Even though McCourt wasn't a journalist, he was an English teacher, he provides a very powerful lead and nut graph on the very first page of Chapter 1. After this, it's just the details:
"My father and mother should have stayed in New York where they met and married and where I was born. Instead, they returned to Ireland when I was four, my brother, Malachy, three, the twins, Oliver and Eugene, barely one, and my sister, Margaret, dead and gone.
"When I look back on my childhood I wonder how I survived at all. It was, of course, a miserable childhood: the happy childhood is hardly worth your while. Worse than the ordinary miserable childhood is the miserable Irish childhood, and worse yet is the miserable Irish Catholic childhood."
Wow--that says it all. The poverty, the senselessness, the hopelessness, the omnipresent, yet foreboding Catholic Church in Ireland, the death and the unhappiness. But what makes this book worth the reading is the little boy that McCourt uses to tell his story.

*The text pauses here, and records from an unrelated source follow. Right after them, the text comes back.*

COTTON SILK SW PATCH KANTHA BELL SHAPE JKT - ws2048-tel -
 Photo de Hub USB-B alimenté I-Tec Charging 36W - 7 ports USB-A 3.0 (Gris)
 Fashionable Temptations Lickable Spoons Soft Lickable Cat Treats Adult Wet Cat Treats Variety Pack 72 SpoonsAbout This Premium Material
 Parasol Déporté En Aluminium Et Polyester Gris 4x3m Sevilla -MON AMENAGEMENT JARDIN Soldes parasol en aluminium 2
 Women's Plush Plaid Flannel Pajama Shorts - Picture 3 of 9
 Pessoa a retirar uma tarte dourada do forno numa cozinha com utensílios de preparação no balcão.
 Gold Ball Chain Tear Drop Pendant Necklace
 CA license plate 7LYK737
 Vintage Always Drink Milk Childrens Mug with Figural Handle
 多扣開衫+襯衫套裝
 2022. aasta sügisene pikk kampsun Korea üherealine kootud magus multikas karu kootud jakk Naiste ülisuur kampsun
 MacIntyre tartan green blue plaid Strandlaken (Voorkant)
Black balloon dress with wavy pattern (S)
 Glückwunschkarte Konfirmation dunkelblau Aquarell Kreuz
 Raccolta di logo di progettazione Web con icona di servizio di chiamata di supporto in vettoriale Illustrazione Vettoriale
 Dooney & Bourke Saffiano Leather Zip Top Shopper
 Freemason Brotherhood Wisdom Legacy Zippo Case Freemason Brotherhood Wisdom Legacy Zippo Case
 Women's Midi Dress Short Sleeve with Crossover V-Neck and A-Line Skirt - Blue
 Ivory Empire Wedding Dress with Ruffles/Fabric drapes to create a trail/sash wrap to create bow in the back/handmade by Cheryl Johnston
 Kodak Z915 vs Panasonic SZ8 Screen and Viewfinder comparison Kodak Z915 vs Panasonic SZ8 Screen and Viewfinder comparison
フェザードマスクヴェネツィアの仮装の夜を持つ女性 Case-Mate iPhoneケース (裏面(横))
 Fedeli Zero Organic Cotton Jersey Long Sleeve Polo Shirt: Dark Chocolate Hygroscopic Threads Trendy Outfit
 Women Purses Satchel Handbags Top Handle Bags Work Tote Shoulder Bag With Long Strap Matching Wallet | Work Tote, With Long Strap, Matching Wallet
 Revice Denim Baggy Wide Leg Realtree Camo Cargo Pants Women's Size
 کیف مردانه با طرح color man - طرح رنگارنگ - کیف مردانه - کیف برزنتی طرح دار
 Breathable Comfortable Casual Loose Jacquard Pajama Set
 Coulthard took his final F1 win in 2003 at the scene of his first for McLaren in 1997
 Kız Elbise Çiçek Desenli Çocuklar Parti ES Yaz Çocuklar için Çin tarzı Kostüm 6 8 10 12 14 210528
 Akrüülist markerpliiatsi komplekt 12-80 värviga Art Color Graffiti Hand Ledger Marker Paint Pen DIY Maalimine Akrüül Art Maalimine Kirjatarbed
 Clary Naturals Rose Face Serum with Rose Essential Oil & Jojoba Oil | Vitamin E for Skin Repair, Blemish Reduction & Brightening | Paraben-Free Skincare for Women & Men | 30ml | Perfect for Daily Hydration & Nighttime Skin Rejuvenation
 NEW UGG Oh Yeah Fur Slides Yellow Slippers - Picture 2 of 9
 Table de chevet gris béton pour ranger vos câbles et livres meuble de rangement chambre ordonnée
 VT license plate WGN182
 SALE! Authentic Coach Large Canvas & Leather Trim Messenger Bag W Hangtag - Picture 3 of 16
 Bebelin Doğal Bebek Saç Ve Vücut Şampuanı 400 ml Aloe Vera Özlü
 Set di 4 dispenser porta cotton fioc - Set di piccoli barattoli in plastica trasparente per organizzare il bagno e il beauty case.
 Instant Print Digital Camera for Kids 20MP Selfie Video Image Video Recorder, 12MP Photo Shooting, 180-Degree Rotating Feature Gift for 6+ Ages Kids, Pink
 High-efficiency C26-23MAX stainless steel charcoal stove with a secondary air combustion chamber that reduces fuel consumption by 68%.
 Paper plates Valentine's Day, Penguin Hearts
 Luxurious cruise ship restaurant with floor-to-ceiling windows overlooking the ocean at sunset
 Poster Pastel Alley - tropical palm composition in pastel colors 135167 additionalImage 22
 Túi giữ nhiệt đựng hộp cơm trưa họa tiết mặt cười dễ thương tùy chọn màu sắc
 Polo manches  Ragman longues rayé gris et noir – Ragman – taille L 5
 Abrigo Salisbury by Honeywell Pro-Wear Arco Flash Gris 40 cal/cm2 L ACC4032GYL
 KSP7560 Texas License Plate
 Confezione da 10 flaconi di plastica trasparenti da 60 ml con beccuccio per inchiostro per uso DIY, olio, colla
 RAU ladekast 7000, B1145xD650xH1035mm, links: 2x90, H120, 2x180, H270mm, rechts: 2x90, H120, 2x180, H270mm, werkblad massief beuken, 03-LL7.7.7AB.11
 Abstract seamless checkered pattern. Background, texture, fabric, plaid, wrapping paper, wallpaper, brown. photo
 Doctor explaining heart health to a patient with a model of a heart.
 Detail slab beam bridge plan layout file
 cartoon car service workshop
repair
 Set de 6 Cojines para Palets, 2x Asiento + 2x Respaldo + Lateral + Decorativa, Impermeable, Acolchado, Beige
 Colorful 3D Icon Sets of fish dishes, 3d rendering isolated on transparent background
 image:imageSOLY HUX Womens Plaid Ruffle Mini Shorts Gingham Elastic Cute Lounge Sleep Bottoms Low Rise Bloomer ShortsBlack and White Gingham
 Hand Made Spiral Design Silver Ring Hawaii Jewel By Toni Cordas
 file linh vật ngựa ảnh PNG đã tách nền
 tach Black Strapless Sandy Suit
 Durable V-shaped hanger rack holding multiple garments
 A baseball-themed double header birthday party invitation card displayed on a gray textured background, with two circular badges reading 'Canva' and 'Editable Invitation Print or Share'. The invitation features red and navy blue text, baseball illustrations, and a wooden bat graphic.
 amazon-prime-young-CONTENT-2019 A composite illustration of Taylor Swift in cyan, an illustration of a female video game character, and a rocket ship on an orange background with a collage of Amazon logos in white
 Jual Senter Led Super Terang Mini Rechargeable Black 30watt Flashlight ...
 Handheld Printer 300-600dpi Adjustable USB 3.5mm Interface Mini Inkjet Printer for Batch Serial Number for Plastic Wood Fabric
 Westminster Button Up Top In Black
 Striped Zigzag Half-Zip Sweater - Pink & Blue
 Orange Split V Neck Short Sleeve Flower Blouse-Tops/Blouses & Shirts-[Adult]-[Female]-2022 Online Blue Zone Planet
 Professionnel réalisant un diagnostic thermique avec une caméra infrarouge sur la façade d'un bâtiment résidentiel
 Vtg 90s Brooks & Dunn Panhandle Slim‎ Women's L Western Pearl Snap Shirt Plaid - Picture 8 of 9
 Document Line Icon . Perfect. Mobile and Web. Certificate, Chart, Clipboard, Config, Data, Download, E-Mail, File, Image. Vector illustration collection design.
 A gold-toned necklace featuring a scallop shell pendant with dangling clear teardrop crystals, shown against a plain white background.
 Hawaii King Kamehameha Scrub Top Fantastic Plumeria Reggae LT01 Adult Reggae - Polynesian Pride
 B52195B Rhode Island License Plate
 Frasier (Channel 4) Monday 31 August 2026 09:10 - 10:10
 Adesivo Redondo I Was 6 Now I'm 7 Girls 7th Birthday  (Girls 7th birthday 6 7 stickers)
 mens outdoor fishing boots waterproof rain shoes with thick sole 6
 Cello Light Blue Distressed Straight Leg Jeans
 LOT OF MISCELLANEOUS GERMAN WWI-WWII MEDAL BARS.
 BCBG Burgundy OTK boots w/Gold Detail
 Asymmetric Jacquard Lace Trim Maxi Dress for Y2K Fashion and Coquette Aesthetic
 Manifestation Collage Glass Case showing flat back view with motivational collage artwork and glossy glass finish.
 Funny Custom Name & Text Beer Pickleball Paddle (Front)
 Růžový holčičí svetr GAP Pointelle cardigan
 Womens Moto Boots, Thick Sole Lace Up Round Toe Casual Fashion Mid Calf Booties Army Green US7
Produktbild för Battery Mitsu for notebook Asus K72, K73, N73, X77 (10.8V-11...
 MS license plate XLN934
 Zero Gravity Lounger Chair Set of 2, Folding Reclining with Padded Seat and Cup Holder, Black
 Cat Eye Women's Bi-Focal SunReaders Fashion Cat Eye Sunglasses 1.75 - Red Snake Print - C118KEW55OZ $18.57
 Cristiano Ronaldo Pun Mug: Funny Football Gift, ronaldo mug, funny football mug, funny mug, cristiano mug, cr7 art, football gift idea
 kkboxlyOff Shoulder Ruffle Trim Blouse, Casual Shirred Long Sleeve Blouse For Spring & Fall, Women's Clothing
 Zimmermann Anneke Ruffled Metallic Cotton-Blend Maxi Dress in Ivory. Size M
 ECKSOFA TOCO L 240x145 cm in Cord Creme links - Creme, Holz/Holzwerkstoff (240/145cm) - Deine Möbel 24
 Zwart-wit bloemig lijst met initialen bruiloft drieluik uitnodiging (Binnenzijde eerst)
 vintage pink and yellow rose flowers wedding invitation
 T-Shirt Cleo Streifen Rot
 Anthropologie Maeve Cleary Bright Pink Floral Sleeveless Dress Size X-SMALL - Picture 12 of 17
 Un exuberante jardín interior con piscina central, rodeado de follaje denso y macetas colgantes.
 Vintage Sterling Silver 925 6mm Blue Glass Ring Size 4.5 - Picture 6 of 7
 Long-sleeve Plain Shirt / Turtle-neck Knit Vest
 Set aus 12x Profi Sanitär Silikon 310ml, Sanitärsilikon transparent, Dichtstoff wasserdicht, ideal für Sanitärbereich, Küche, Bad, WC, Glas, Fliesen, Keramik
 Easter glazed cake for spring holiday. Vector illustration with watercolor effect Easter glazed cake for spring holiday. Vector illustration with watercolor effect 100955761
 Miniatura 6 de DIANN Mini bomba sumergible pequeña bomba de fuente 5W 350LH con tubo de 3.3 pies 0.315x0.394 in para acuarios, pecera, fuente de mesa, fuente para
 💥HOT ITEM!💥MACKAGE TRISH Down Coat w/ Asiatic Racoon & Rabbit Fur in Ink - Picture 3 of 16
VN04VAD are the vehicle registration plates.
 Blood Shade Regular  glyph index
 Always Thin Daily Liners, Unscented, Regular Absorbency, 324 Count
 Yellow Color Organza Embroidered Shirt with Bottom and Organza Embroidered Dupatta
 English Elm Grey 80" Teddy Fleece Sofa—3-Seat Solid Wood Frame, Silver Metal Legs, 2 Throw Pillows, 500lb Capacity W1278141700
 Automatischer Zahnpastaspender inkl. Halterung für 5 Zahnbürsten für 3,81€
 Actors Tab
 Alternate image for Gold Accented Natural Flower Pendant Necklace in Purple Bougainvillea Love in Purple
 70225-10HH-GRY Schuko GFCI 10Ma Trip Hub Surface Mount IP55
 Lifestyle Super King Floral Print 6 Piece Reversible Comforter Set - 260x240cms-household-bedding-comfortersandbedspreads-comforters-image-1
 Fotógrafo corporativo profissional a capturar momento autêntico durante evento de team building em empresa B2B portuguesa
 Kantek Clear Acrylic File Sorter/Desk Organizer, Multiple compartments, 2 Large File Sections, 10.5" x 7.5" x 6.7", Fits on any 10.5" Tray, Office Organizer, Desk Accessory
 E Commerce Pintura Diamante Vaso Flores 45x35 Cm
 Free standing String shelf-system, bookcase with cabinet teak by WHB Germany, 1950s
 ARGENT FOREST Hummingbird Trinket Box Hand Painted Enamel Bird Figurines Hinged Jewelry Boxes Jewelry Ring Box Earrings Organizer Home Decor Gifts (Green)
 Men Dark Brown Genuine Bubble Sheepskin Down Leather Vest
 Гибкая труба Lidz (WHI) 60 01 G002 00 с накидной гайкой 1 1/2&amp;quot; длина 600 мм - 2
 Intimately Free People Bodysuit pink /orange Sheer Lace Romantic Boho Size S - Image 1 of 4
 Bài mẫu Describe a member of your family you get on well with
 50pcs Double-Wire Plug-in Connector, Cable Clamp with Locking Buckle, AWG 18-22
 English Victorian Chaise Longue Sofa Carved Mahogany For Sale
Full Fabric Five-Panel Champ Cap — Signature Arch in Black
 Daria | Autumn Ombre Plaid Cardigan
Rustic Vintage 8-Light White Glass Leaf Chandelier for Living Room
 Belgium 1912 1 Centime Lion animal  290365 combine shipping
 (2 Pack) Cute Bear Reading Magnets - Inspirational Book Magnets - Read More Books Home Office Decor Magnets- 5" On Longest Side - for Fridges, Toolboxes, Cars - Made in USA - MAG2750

Little Frankie McCourt tells a tale as only a child can, and it is this voice that makes the misery bearable.
Along the way in Angela's Ashes, McCourt buttresses almost every Irish stereotype, providing real-world examples from his family: a father who drinks and drinks and drinks. A family subservient to the Catholic Church, often to their detriment. Potatoes...lots of potatoes. And of course wonderful stories and singing. This book has it all. But first and foremost, it is a great story, well-written. And that my friends, is why Angela's Ashes is a must-read book for all communicators.